Two Students' Perspectives: Nadira K Charaniya and Jane West Walsh
Collaborative research is a rich and productive way of working when there is shared commitment to one another as research partners, shared vision about the purpose of the research, genuine respect for one another as colleagues, and a compatible willingness to do the hard work all research demands. As fellow cohort members, we established a collaborative learning partnership, in the first year of our doctoral program. This included establishing deep trust and respect for one another, selection of one another as learning partners for projects, discovery of common goals, different but complementary personality traits, and a synergy in our working relationship (Sgroi & Saltiel, 1998).

In the second summer institute, a two week residential learning component of the program, we had to decide whether we would transform our collaborative learning partnership into a fully collaborative research partnership. To make this decision, we committed ourselves to writing a collaborative concept paper, outlining the purpose of the research we intended to carry out. Writing this concept paper, we confronted the challenge of imagining the final form of the CEP. At first, we could see only one option. We knew about the traditional dissertation with one author. The completely collaborative model seemed so unfamiliar and risky that we first imagined parallel research projects with parallel dissertations as an outcome. When we shared this plan with Randee, a member of the faculty team that summer, she challenged us about this decision. She encouraged us to imagine what a fully collaborative project might look like. We did. Legitimacy then became our main concern. In time, however, we realized that collaborative inquiry was a preferred model for our particular research project about interreligious dialogue. Concerns about legitimacy faded away and we moved on to fully engaging in, and writing about (Charaniya & West Walsh, 2000), collaborative inquiry.

Expanding Knowledge

This roundtable session provides an opportunity to share experiences related to collaborative inquiry as a research methodology. In particular, this session is intended to (a) raise awareness of collaborative inquiry as a research methodology; (b) create an opportunity for a broad cross-section of stakeholders involved in graduate adult education programs to consider the potential for knowledge construction through collaborative inquiry; (c) identify obstacles to collaborative work in the academy; and (d) discuss how to overcome the obstacles as defined. Roundtable participants are encouraged to share their own experiences and ideas about collaborative inquiry.

References

Charaniya, N.K., & West Walsh, J. (2000). Connecting trials: Collaborative inquiry as research methodology. In M. Glowacki-Dudka (Ed.), Proceedings of the 19th Annual Midwest Research to Practice Conference in Adult, Continuing, and Community Education (pp. 63-68). Madison, Wisconsin.

Lawrence, R. L. and Mealman, C. A. (1999). Collaborative ways of knowing: Storytelling, metaphor and theemergence of the collaborative self. Proceedings of the 40th Annual Adult Education Research Conference (pp. 187-192). Dekalb, Illinois.
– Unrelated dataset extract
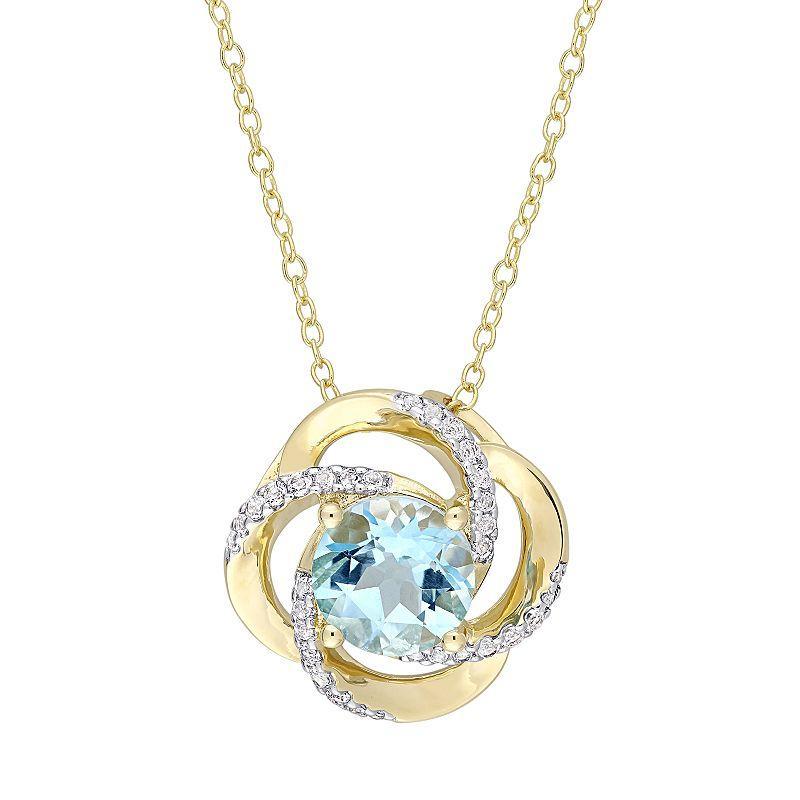 Stella Grace Gold Tone Sterling Silver Blue & White Topaz Swirl Pendant Necklace, Womens Product Image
Mealman, C.A. and Lawrence, R. L. (1998). Co-creating knowledge: A Collaborative inquiry into collaborative inquiry. Proceedings of the 17th Annual Midwest Research-to-Practice Conference in Adult, Continuing, and Community Education (pp.133-138). Muncie, Indiana.

Sgroi, A., & Saltiel, I. (1998). Human connections. In I.M. Saltiel, A.Sgroi, & R.G. Brockett (Eds.), The power and potential of collaborative learning partnerships. New Directions for Adult and Continuing Education. #79 (pp.87 - 92). San Francisco: Jossey-Bass.